(Short descriptive text snippets)
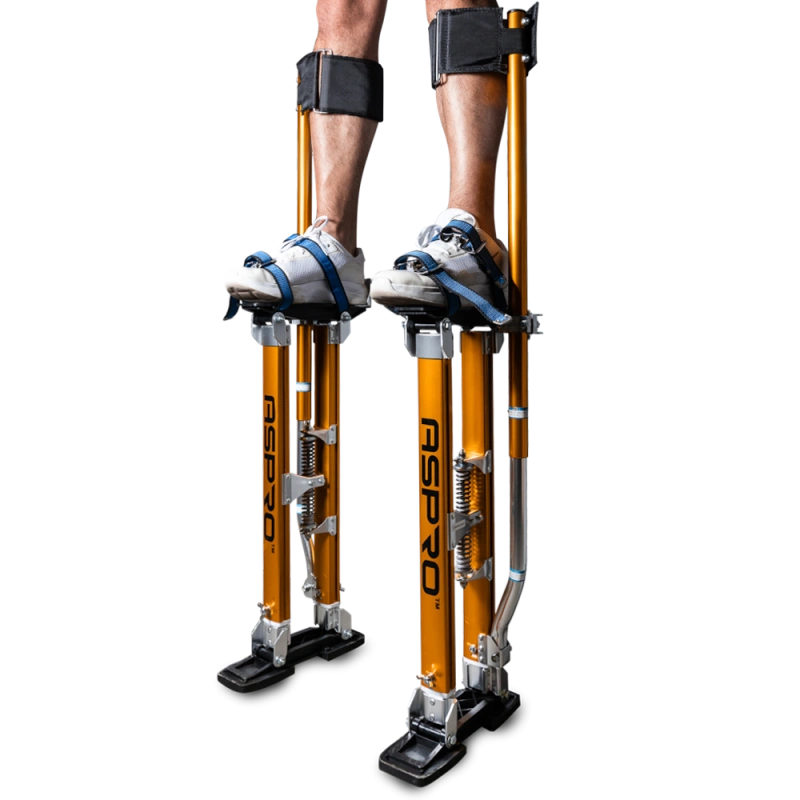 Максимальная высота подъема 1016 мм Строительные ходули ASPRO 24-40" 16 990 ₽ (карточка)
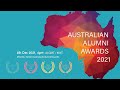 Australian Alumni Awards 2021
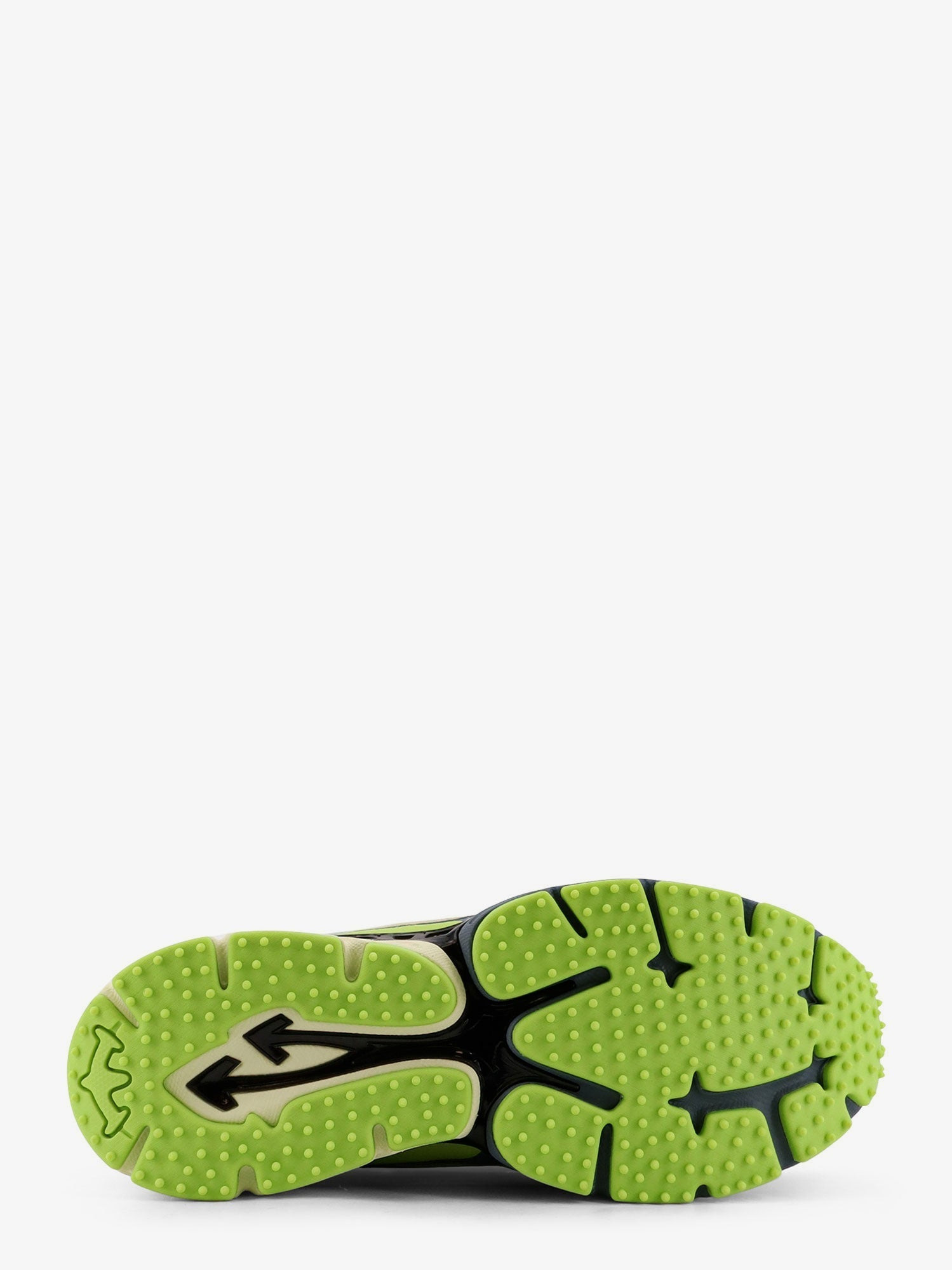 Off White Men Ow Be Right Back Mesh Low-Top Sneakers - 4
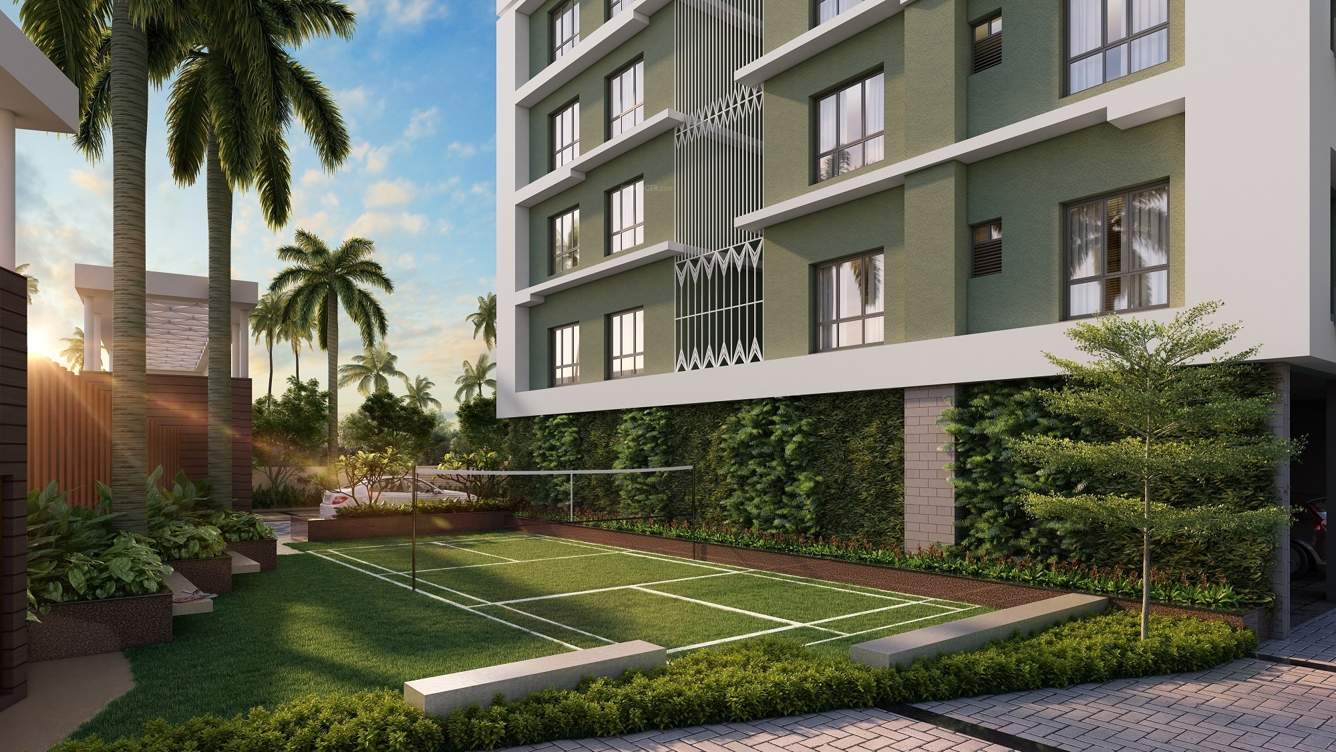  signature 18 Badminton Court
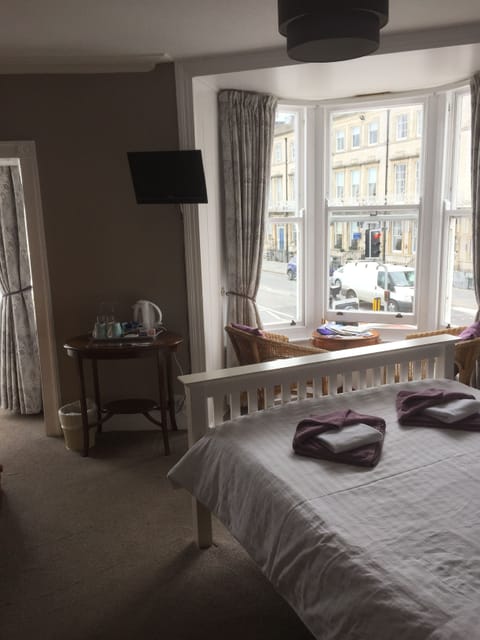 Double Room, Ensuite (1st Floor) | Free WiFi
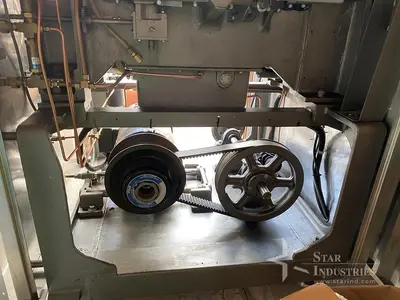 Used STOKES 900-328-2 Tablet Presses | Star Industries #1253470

## [What you are asked to do]
Pictures excluded, output exactly the line that contains "signature 18 Badminton Court" and every line after it to the end of the data above.

## [Output of the exercise]
  signature 18 Badminton Court
 Double Room, Ensuite (1st Floor) | Free WiFi
 Used STOKES 900-328-2 Tablet Presses | Star Industries #1253470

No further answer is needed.